From: snowe@rain.org (Nick Halloway)
Newsgroups: sci.math
Subject: Determining finite groups
Date: 15 Feb 96 02:32:22 GMT
Does the number of elements of various orders determine a finite group up to
isomorphism? For example, C_4 has 1 element order 1, 1 element order
2 and 2 elements order 4; C_2 x C_2 has 1 element order 1 and 3
elements order 2.
This information determines finite abelian groups; is it enough to
specify any finite group?
If not, do the sizes of conjugacy classes, together with the orders
of their elements, determine a finite group up to isomorphism? e.g.
for C_2 x C_2 you would be given information:
1 conjugacy class of size 1, elements of order 1
3 conjugacy classes of size 1, elements of order 2.
Can you transform a given finite group by redefining operations on
the elements in some way so that the number of elements of different
orders remains the same, but the group is not isomorphic to the
original group?
One thought I had was, given a group (G,*), define a group (G,&) by
g&h = h*g. But then the two groups are isomorphic since g --> g^(-1)
is an isomorphism.
==============================================================================
From: rusin@vesuvius.math.niu.edu (Dave Rusin)
Newsgroups: sci.math
Subject: Re: Determining finite groups
Date: 15 Feb 1996 18:40:43 GMT
In article , Nick Halloway wrote:
>Does the number of elements of various orders determine a finite group up to
>isomorphism? For example, C_4 has 1 element order 1, 1 element order
>2 and 2 elements order 4; C_2 x C_2 has 1 element order 1 and 3
>elements order 2.
>
>This information determines finite abelian groups; is it enough to
>specify any finite group?
No. For example, for any odd prime p there is a non-abelian group of order
p^3 all of whose non-identity elements have order p.
>If not, do the sizes of conjugacy classes, together with the orders
>of their elements, determine a finite group up to isomorphism? e.g.

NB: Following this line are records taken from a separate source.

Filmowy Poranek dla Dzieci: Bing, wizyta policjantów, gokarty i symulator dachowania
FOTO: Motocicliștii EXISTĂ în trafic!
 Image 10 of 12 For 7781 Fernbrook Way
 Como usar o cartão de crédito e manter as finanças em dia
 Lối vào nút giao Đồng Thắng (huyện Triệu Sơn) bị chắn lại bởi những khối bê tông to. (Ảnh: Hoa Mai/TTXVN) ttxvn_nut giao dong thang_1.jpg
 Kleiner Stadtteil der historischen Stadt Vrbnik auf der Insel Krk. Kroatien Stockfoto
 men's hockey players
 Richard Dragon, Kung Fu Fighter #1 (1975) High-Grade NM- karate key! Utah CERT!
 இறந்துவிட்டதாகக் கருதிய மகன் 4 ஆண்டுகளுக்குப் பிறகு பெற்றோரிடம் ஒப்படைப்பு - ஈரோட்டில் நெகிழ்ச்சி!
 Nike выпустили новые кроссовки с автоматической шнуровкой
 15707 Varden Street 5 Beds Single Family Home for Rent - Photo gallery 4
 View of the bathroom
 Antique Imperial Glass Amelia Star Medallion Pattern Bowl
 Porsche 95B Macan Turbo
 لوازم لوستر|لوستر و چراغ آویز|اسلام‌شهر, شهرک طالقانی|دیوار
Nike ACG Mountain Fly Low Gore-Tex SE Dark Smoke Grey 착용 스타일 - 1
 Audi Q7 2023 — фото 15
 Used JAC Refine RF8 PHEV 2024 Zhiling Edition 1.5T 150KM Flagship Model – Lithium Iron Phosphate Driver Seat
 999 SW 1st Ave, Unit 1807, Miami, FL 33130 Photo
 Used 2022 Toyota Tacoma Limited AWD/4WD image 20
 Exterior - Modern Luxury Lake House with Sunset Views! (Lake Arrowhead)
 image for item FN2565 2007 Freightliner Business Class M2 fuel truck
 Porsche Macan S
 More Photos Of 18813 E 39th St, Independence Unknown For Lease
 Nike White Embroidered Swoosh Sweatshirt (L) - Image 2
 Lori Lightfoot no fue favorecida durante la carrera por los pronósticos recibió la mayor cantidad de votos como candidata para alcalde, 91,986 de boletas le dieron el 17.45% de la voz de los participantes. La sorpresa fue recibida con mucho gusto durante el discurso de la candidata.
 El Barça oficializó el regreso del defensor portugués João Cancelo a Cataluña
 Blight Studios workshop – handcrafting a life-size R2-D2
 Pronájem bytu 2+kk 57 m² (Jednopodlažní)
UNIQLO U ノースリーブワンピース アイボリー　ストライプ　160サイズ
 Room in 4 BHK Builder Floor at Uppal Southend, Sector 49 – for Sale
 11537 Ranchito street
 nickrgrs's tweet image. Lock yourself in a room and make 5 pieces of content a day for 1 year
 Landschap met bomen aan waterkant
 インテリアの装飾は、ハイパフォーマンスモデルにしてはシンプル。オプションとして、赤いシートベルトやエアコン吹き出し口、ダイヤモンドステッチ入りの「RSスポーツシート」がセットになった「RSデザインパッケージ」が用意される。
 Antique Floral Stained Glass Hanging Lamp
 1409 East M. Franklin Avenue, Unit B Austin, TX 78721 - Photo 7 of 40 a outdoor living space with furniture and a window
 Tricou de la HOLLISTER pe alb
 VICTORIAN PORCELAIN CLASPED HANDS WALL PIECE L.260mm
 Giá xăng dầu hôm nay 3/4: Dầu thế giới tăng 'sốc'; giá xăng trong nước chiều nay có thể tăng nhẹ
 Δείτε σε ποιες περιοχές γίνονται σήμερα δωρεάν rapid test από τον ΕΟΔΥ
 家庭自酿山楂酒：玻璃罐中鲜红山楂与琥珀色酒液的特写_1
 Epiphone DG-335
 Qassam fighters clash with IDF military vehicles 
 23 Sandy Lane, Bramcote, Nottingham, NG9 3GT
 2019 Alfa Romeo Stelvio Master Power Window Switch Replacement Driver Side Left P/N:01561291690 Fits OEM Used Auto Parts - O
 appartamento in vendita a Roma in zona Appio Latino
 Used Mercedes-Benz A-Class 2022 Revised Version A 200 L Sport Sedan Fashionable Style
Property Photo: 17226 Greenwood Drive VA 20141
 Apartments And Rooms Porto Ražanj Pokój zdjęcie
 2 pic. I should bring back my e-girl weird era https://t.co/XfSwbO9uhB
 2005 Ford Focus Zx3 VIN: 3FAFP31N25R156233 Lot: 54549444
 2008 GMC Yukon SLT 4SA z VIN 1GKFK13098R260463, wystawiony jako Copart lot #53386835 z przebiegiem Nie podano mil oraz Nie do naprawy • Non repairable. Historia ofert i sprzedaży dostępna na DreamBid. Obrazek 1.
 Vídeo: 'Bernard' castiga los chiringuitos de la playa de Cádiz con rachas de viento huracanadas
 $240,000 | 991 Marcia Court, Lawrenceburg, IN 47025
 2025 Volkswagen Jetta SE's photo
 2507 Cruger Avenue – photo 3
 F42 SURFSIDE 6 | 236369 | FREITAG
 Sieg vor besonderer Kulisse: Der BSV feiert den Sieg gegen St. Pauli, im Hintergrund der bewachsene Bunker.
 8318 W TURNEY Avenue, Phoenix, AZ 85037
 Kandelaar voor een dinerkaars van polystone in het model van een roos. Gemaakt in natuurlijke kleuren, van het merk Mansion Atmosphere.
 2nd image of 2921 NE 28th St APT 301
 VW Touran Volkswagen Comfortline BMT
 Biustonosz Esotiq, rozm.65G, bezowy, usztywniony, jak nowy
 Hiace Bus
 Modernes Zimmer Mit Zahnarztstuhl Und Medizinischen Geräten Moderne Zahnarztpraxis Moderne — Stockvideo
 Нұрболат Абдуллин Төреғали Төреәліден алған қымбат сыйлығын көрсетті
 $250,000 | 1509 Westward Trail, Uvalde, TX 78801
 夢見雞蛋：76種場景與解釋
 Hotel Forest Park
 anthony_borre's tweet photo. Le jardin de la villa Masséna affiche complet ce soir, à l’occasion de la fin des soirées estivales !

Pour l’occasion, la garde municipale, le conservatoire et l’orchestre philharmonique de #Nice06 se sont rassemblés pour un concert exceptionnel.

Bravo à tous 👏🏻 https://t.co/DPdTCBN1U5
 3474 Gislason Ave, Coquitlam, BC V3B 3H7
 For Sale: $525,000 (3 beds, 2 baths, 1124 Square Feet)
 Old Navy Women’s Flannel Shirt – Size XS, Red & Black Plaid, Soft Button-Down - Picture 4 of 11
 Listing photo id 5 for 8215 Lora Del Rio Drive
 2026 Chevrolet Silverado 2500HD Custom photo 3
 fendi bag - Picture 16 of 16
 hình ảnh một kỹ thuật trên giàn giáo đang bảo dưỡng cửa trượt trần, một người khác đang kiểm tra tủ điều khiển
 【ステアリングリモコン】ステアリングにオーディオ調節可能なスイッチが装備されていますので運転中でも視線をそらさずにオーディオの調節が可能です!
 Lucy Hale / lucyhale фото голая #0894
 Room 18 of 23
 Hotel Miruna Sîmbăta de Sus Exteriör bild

>for C_2 x C_2 you would be given information:
>
>1 conjugacy class of size 1, elements of order 1
>3 conjugacy classes of size 1, elements of order 2.
Still no. There's probably a pretty small example, but I can come pretty close
to an existence proof. You might enjoy trying to see if you can actually
make it work.
Consider a group G of order p^n (p a prime). The
conjugacy class of an element x is the orbit of x under the action of G
on itself by conjugation, and so is in a natural way in one-to-one
correspondence with G/Stab(x) = G/Centralizer(x). In particular, this
is of order p^k for some k < n. Also the order of x is p^m
for some m <= n. You intend to store the numbers a_{k,m}(G) =
number of classes of cardinality p^k of elements of order p^m. Thus
you have at most n^2 integers, all at most equal to p^n. There are
thus only (p^n)^(n^2) = p^(n^3) different invariants you are storing
for G.
Here you need to strengthen the bounds just a little bit. For example,
a_{k,m} is in fact less than p^(n-k), so there's an easy factor of
(1/2) which can be inserted in front of the n^3. Let's assume you can
further reduce it by say a factor of (1/8). (Realistically, O(n^3)
looks pretty sloppy anyway -- at the very least I would imagine one
could prove the number of possible sets of invariants a_{k,m} has
a logarithm which is only o(n^3).)
Well, the number N(p,n) of groups of order p^n is huge. As I recall,
log_p N(p,n) is of the form (2/27)n^3 + smaller terms. In particular,
for n sufficiently large, this is greater than the number of different
sets of invariants listed above, and so by the pigeonhole principle
there are two non-isomorphic groups with the same collection of invariants.
More generally, the rule of thumb is, no matter what list of things to
measure you prescribe in advance, you can find two finite 2-groups
for which these measurements come out equal, but the groups are not
isomorphic. I wouldn't dignify this with the title "conjecture", but
it's certainly been my experience.
>Can you transform a given finite group by redefining operations on
>the elements in some way so that the number of elements of different
>orders remains the same, but the group is not isomorphic to the
>original group?
Well, I don't see how this is different from your first question exactly,
but if I understand the spirit of your question, I would suggest you
look up group extensions, and the use of cocycles. This would let you
create new groups which share a normal subgroup N and quotient group
G/N with the original group, and even the action of the latter on the
former, but which are just a little different from G.
dave